What You Need to Put on Your Fall Gardening Checklist Now

Plant these things—and clear away others—before the colder days ahead

A woman empties a basket of leaves onto a table outdoors

While it’s tempting to put your tools away when summer ends, your fall gardening checklist should include a few essential cleanup chores. Here are some to-dos to put on your list right now.

Plant bulbs

A cluster of garlic bulbs.

Spring-flowering bulbs, like tulips and daffodils, can be planted from late September through October. Read the package directions for the correct planting depth and spacing.

Garlic is another crop to plant in the fall. It provides two harvests: the garlic scapes, typically around the end of June, and the actual heads of garlic in July. You’ll want to dig in cloves a couple of weeks after your region’s fall frost date, but before the ground freezes.

Plant trees and shrubs

A closeup of purple hydrangeas

Planting deciduous trees and shrubs (think maple, forsythia, hydrangea and crabapple) in September through to the end of October allows the roots to become established before winter. When planting, make sure that the top of the root ball is flush with the hole you’ve dug.

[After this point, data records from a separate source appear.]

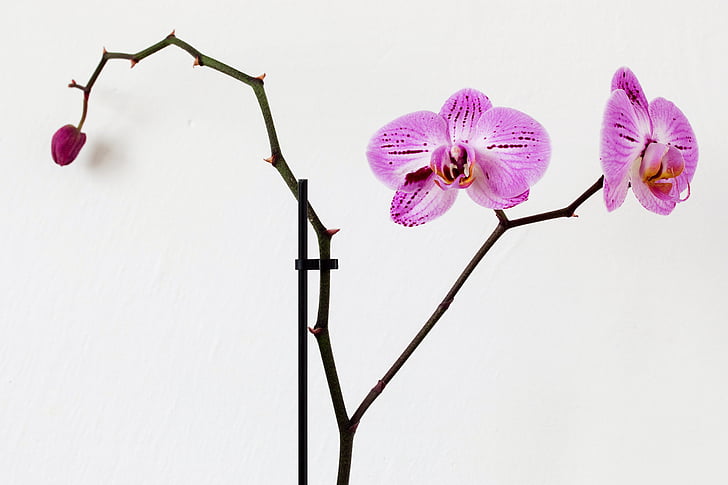 flower, pink, orchid, flora, studio shot, no people, white background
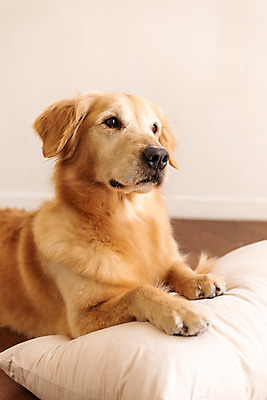 포토 JPG 한마리 반려견 쿠션 실내 사람없음 앞모습 반려동물 귀여움 골든리트리버 강아지 동물라이프 반려 펫팸족 국내포토 동물 1 라이프스타일 뷰포인트 컨셉 내부 개 리트리버 신조어 파일형식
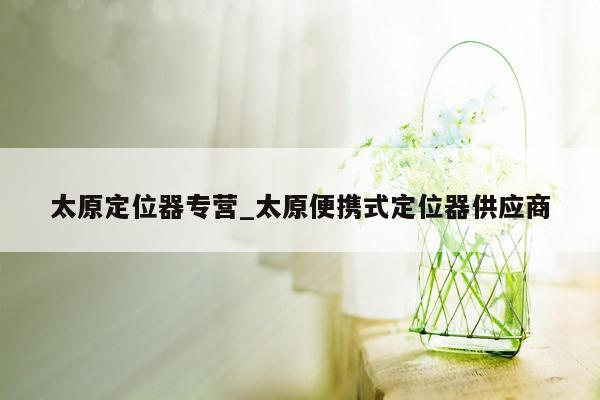 太原定位器专营_太原便携式定位器供应商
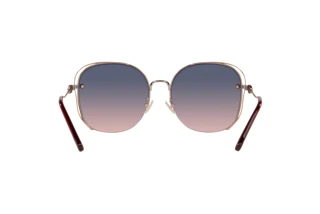 Bagside Coach CD453 (HC7145BD - 93310J)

Bring these plants indoors for winter

A closeup view of a ficus plant.

Save citrus trees and tender perennials such as rosemary by bringing them indoors before they’re touched by frost. First, check to make sure you aren’t bringing any insects inside, then pot the plants and place in a south-facing window. Certain plants, such as fig trees and brugmansia, will go dormant over the winter in a cold room with root-cellar conditions and require minimal care.

Boost soil conditions

A woman empties a basket of leaves onto a table outdoors.

If you have an abundance of leaves, run them over with the lawnmower and distribute the resulting mulch throughout your garden beds. This will add nutrients to the soil during the winter. You can also add compost to your vegetable gardens in the fall to prepare them for spring planting.

Store plant containers

Rows of terracotta pots that are turned upside down to dry properly.

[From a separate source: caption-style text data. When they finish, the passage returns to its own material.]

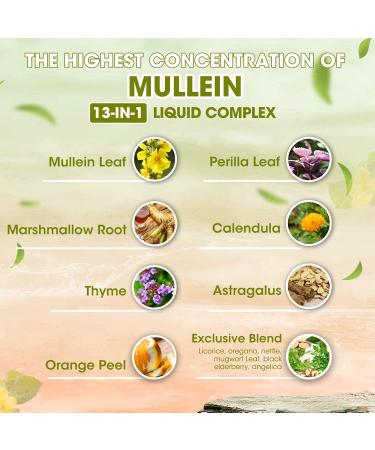 Mullein Drops for Lungs Mullein Leaf Extract with Marshmallow Root Perilla & Astragalus for Respiratory Support Immune Boost & Lung Detox Natural Herbal Formula Vegan 2 fl oz 2 Fl Oz (Pack of 1) - Buy Online on GoSupps.com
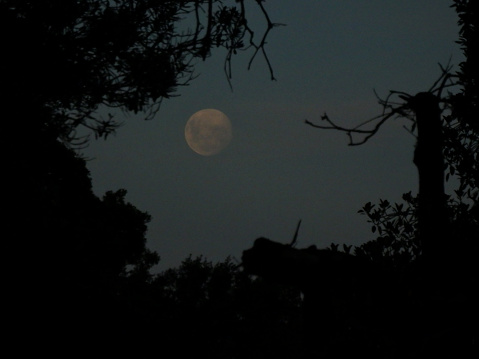 Tree stems and branches silhouetted against a full moon in Auckland New Zealand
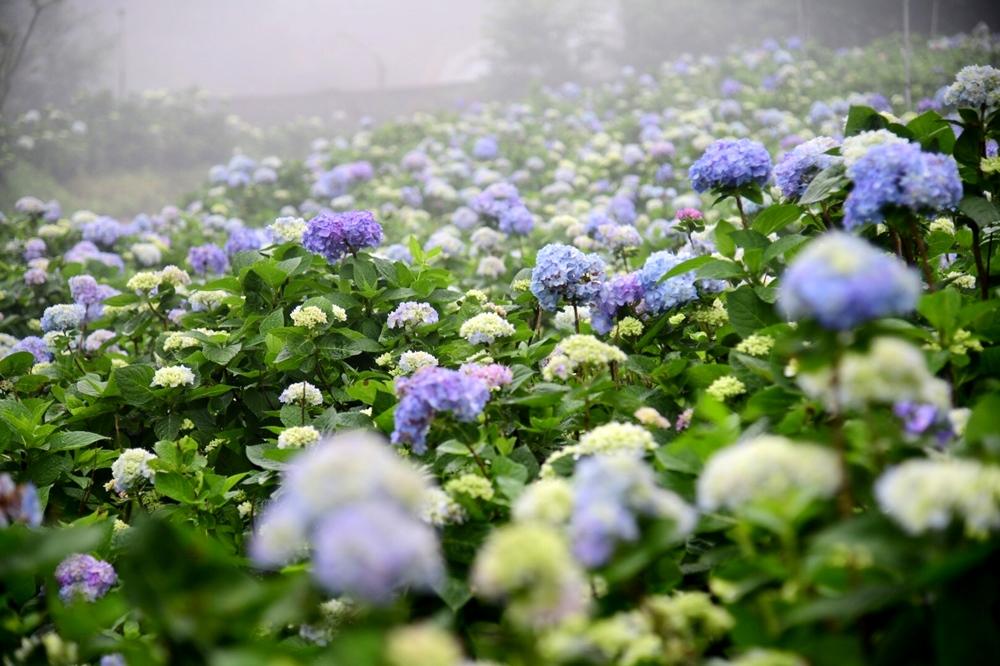 北市萬里區「高家繡球花田」的繡球花季正式開幕。（記者俞肇福攝）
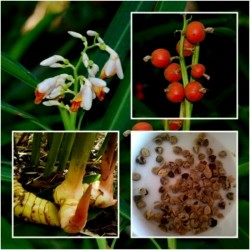 Σπόροι φυτό ΤΑΪΛΑΝΔΙΚΆ ΤΖΊΝΤΖΕΡ - GALANGAL (Alpinia galanga)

Potted plants can be taken apart. Annuals can be composted (unless you bring them indoors to overwinter), while perennials can be dug into the garden. Wash and dry terracotta and porcelain pots thoroughly before storing; if they are left with soil and plants inside, they may crack.

Care for your rain barrel

An overhead view of a rain barrel

Drain your rain barrel and the attached hose completely before winter. If possible, cover the rain barrel or turn it upside down.

Looking for more gardening ideas?

Here’s how to garden in the smallest outdoor spaces and how to put up a bird feeder this winter.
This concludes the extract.